Would you transcribe the records below from the line with "So that's all about" to the line with "Hey, hey everybody!", ends included, exactly and with nothing more, leaving the pictures out?

▶ _Input records_

--------------------------------

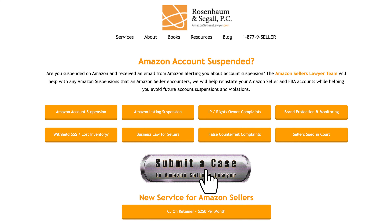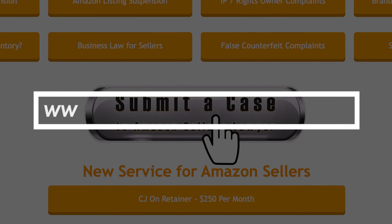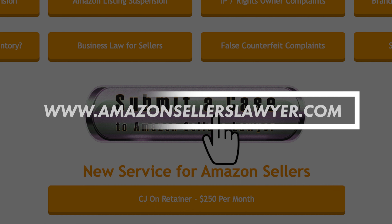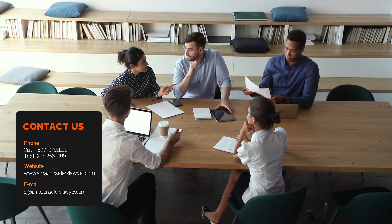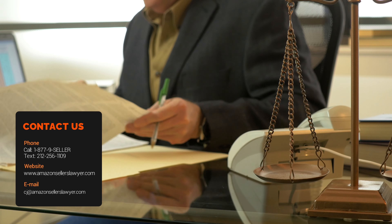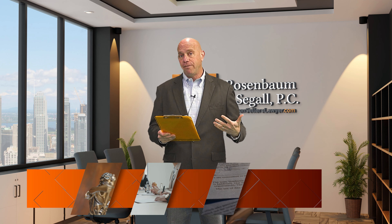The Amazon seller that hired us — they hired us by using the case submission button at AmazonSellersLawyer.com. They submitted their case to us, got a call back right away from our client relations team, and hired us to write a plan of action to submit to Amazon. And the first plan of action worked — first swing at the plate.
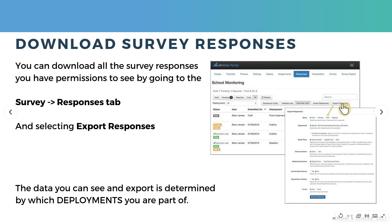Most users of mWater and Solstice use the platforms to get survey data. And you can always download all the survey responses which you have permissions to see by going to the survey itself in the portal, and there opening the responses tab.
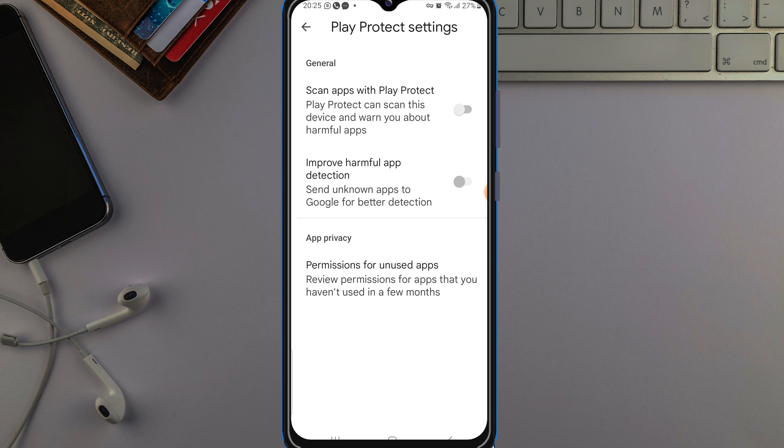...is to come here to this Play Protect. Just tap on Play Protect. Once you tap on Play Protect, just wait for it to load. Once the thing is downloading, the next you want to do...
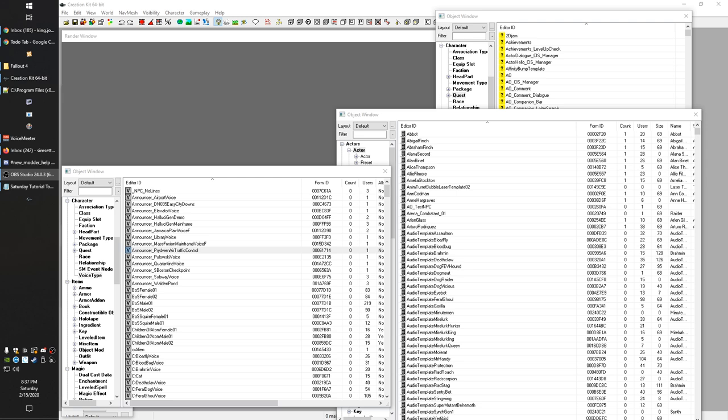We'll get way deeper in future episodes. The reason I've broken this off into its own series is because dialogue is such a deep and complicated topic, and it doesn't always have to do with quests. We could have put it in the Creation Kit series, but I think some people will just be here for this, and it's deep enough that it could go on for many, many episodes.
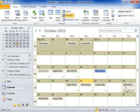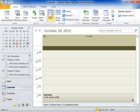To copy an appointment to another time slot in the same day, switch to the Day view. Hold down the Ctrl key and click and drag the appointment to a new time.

--------------------------------

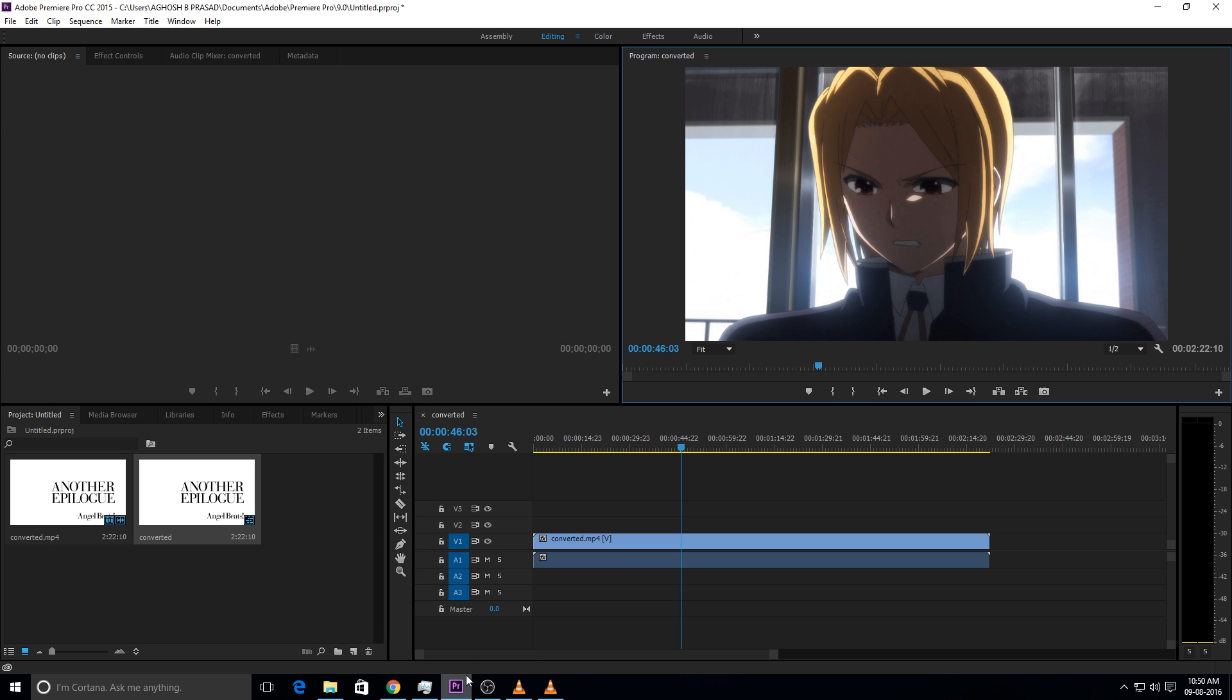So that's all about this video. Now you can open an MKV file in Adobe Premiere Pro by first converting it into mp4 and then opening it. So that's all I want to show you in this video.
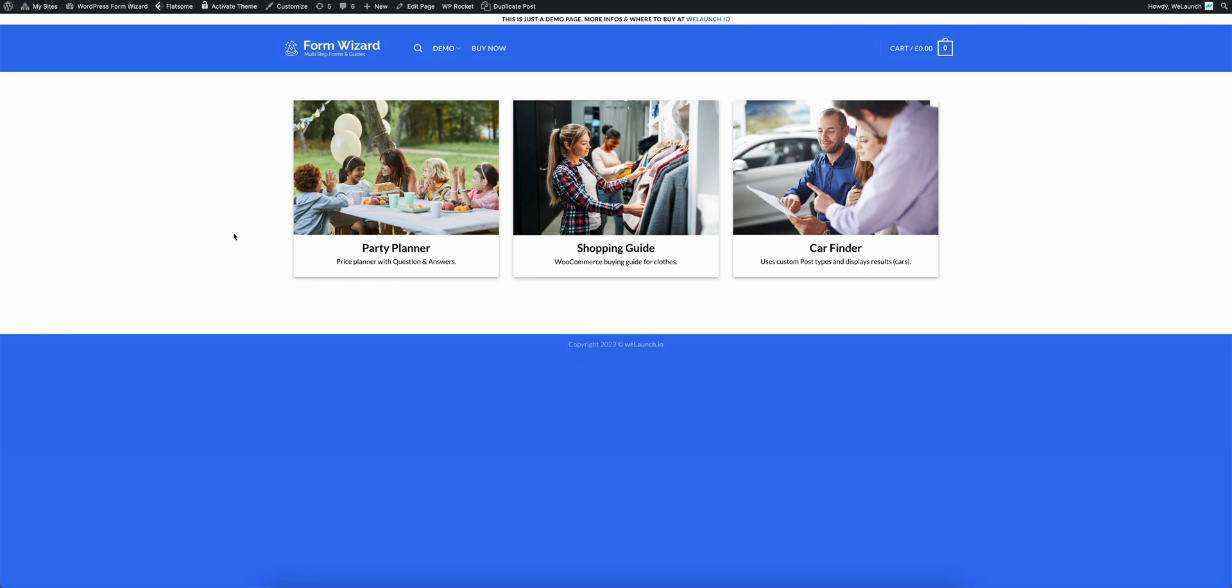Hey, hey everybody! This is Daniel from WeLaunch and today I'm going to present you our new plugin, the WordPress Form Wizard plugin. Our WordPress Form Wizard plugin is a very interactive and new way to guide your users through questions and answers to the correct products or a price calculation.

--------------------------------

▶ _Solution to this problem_
So that's all about this video. Now you can open an MKV file in Adobe Premiere Pro by first converting it into mp4 and then opening it. So that's all I want to show you in this video.
Hey, hey everybody! This is Daniel from WeLaunch and today I'm going to present you our new plugin, the WordPress Form Wizard plugin. Our WordPress Form Wizard plugin is a very interactive and new way to guide your users through questions and answers to the correct products or a price calculation.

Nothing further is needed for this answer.